Deutschlands Landwirte müssen sich auf weitere Reformen der EU-Agrarpolitik und sinkende Subventionen einstellen. Dabei werden vor allem große Agrarbetriebe und die Lebensmittelindustrie Einbußen erleiden, die bisher den Löwenanteil der Zuschüsse aus Brüssel einstreichen.

BRÜSSEL. „Wir werden den Agrarhaushalt in seiner jetzigen Höhe nicht verteidigen können“, sagte EU-Agrarkommissarin Mariann Fischer Boel dem Handelsblatt. Deshalb müssten notwendige Reformen bereits bei der 2008 und 2009 geplanten Überprüfung des EU-Finanzrahmens eingeleitet werden.

Die Brüsseler Agrarsubventionen von 48,5 Mrd. Euro jährlich werden wegen der angespannten öffentlichen Haushalte und des Rufs nach mehr Forschungsförderung durch die EU zunehmend hinterfragt. Die EU-Staaten hatten Ende 2005 beschlossen, die Agrarausgaben in drei Jahren auf den Prüfstand zu stellen, obwohl Höhe und Struktur des EU-Haushalts eigentlich bis 2013 festgeschrieben sind.
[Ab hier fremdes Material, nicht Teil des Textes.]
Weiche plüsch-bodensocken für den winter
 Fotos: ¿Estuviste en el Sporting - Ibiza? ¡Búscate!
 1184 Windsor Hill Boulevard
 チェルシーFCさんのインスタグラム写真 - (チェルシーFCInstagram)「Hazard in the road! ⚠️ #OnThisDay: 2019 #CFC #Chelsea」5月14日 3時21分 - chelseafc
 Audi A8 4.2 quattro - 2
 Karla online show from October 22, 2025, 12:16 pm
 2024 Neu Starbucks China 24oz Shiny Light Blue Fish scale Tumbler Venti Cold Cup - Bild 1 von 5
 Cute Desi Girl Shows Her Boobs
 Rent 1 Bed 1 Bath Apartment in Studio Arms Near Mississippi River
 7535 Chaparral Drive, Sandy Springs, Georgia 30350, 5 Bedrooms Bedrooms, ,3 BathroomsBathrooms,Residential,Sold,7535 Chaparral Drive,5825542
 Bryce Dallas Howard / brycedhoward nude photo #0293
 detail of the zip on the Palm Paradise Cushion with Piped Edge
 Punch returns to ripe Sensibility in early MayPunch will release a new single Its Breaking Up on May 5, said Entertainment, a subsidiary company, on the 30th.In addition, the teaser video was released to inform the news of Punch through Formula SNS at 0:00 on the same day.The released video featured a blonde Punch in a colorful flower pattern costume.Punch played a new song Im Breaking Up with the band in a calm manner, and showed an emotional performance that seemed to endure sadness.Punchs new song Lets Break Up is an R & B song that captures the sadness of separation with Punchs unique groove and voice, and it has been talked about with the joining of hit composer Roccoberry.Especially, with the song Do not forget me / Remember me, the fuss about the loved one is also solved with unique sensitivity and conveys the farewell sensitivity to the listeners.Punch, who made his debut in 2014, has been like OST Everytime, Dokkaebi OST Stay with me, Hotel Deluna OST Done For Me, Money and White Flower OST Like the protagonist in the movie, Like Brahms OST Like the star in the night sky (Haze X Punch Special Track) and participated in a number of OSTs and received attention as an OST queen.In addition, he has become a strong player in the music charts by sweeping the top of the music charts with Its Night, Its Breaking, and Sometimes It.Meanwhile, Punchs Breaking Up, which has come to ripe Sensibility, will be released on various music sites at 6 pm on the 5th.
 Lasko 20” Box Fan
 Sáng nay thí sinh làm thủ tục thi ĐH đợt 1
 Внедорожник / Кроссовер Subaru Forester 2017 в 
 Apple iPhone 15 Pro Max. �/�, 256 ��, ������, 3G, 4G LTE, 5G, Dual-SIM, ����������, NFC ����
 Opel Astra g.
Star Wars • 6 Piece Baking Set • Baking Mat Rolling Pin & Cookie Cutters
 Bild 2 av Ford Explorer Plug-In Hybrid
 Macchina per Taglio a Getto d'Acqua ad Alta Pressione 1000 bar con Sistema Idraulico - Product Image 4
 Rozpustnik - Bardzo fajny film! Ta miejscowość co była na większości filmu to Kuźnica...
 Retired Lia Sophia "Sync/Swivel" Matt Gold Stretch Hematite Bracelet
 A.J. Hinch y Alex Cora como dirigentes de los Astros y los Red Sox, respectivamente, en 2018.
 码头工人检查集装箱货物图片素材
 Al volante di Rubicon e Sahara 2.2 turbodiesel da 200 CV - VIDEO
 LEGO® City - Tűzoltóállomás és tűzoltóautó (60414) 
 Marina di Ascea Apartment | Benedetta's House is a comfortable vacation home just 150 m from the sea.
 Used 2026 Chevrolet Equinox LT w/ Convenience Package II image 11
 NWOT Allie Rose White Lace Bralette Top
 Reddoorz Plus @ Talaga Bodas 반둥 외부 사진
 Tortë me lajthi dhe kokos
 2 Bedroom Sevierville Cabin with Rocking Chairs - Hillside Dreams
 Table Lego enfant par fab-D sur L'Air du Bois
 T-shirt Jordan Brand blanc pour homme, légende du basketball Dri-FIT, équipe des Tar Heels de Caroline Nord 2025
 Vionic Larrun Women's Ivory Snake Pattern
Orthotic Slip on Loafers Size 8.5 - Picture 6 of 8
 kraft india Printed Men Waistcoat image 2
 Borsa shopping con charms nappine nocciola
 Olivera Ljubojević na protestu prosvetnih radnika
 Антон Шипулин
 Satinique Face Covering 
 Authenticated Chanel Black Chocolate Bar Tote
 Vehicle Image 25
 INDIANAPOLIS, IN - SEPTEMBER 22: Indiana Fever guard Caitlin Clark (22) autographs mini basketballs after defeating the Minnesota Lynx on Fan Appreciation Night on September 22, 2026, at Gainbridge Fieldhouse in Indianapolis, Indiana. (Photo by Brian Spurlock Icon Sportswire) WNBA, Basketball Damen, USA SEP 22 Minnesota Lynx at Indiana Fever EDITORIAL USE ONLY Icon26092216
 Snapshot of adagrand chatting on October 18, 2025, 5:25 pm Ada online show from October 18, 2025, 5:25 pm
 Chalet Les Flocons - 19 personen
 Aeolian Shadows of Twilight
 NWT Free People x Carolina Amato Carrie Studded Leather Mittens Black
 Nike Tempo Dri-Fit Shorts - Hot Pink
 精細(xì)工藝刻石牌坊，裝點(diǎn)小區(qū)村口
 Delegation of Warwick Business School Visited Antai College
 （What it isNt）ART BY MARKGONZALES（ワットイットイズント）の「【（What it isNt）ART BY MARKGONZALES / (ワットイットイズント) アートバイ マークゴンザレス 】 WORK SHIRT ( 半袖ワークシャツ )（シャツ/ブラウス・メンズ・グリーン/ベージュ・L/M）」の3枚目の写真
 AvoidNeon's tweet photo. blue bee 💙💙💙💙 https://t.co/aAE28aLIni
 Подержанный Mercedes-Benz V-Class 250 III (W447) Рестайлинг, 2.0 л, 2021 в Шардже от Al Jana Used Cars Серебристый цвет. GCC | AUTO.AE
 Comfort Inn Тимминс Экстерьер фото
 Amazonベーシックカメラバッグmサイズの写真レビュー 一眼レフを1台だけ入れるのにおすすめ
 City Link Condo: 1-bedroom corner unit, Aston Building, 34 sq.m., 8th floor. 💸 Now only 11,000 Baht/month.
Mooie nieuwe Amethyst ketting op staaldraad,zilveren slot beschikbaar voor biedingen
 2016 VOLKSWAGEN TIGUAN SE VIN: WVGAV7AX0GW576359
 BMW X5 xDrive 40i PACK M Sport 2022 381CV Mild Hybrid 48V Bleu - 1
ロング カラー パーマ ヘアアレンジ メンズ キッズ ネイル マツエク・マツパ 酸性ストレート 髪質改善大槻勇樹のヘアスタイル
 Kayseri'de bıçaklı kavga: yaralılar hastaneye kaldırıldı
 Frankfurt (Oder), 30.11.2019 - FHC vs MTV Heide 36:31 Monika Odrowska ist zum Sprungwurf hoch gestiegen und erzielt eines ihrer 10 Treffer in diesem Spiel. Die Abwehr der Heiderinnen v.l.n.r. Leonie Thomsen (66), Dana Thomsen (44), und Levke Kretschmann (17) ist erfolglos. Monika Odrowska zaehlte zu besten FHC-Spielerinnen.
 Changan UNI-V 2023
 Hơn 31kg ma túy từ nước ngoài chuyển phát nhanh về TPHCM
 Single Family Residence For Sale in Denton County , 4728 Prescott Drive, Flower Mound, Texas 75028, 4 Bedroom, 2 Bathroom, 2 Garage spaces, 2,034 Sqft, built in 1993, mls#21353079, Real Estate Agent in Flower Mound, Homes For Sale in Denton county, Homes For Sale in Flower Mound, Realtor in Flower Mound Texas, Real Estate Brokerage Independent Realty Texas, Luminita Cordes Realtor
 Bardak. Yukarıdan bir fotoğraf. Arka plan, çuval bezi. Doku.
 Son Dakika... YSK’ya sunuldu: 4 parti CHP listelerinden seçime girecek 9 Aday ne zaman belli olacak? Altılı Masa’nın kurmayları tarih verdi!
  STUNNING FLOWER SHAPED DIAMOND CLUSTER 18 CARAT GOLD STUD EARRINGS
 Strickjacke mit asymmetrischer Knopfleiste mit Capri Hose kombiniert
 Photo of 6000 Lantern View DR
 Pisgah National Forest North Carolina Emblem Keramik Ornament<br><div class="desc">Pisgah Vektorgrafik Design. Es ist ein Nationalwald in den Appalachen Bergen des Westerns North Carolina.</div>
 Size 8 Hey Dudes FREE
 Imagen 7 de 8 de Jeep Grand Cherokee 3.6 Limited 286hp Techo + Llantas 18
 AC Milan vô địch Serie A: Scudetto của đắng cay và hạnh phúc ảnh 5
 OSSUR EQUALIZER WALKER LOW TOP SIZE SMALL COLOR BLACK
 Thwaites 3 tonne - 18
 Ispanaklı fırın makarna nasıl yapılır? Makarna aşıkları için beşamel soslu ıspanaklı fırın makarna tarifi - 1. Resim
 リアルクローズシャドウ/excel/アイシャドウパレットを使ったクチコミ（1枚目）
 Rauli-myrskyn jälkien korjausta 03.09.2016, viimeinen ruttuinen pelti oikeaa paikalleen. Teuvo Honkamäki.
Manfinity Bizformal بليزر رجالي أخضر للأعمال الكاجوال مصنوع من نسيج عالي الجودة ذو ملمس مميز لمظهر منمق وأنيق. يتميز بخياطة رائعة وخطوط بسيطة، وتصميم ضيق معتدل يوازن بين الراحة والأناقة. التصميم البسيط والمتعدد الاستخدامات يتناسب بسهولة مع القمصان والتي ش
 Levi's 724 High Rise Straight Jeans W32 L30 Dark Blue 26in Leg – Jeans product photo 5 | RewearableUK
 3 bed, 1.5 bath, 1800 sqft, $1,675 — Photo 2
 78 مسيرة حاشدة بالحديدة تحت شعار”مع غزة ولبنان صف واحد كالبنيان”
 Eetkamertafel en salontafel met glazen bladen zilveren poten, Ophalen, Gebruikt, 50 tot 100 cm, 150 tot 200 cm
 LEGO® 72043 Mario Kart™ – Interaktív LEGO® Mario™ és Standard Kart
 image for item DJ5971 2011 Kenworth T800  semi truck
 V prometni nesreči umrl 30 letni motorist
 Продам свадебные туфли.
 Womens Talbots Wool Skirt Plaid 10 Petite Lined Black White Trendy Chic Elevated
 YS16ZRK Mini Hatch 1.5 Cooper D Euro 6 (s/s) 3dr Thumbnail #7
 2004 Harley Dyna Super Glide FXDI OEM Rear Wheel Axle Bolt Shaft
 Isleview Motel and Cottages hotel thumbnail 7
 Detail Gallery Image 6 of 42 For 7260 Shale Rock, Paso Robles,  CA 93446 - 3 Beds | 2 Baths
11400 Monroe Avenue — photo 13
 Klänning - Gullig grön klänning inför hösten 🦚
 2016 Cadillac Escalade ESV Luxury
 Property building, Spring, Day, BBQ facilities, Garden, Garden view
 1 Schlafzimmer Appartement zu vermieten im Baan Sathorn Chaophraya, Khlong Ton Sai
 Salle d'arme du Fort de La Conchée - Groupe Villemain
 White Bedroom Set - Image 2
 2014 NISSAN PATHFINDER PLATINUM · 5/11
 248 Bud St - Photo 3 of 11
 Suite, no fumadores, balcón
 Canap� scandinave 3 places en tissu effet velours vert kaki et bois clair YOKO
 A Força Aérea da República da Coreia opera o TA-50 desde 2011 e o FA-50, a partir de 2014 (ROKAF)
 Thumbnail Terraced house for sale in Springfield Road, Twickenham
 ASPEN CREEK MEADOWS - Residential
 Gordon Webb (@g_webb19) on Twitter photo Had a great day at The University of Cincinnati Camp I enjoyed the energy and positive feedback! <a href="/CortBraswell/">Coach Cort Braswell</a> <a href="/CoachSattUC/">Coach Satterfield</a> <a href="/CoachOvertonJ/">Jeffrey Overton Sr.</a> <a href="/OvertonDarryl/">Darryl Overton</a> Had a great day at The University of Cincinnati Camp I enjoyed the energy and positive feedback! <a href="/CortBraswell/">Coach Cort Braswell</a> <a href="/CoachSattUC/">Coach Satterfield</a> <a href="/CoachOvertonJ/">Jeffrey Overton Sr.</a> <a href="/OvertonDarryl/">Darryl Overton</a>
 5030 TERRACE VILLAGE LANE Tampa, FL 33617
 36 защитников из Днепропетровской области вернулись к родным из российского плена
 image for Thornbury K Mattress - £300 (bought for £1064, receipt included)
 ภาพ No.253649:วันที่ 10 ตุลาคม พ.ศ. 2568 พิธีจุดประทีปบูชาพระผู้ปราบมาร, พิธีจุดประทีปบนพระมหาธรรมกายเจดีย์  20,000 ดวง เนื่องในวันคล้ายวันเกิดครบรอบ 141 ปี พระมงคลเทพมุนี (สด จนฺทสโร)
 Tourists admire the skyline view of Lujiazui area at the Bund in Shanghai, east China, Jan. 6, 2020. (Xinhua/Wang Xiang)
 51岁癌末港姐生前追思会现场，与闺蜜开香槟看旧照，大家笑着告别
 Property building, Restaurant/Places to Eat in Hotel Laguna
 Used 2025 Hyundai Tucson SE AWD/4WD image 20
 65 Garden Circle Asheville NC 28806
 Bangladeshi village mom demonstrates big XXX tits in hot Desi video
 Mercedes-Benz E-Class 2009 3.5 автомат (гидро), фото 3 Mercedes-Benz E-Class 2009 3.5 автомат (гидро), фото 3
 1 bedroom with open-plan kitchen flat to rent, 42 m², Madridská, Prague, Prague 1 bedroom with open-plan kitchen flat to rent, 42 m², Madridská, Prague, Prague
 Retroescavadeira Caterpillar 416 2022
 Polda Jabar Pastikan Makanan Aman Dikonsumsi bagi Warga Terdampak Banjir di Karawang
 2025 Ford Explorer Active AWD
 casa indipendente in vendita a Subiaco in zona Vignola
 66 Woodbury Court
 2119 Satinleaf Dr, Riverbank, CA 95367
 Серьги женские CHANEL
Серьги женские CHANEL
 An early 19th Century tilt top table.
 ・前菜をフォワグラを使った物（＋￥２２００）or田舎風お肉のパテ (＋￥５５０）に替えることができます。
Dabei zeichnen sich schon jetzt heftige Konflikte zwischen den Ländern ab. Reformbefürworter wie Großbritannien und Schweden wollen eine Kürzung der Mittel für den Agrarsektor durchsetzen, Frankreich und die Südländer den Status quo verteidigen.

Die dänische Kommissarin, selbst Eigentümerin eines großen Landwirtschaftsbetriebs, versucht einen Mittelweg. Sie werde das geplante Agrarbudget bis 2013 verteidigen, sagte Fischer Boel. Innerhalb dieses Rahmens aber werde sie für den weiteren Umbau der Förderinstrumente kämpfen. Reformen seien nötig, um die Landwirtschaft auf die Zeit nach 2013 und die dann unvermeidbaren Einschnitte vorzubereiten: „Wenn wir nicht selbst Vorschläge machen, dann werden uns die Kürzungen aufgezwungen.“

Um die alarmierte Bauernlobby zu beruhigen, spricht Fischer Boel von einem „Gesundheits-Check“ für die Agrarpolitik. Die Branche ist dennoch beunruhigt, denn auch die grundlegende Reform ihres Vorgängers Franz Fischler begann als routinemäßige Überprüfung der Förderpolitik. Tatsächlich bergen Fischer Boels Vorhaben viel Konfliktpotenzial für die subventionsverwöhnte Landwirtschaft.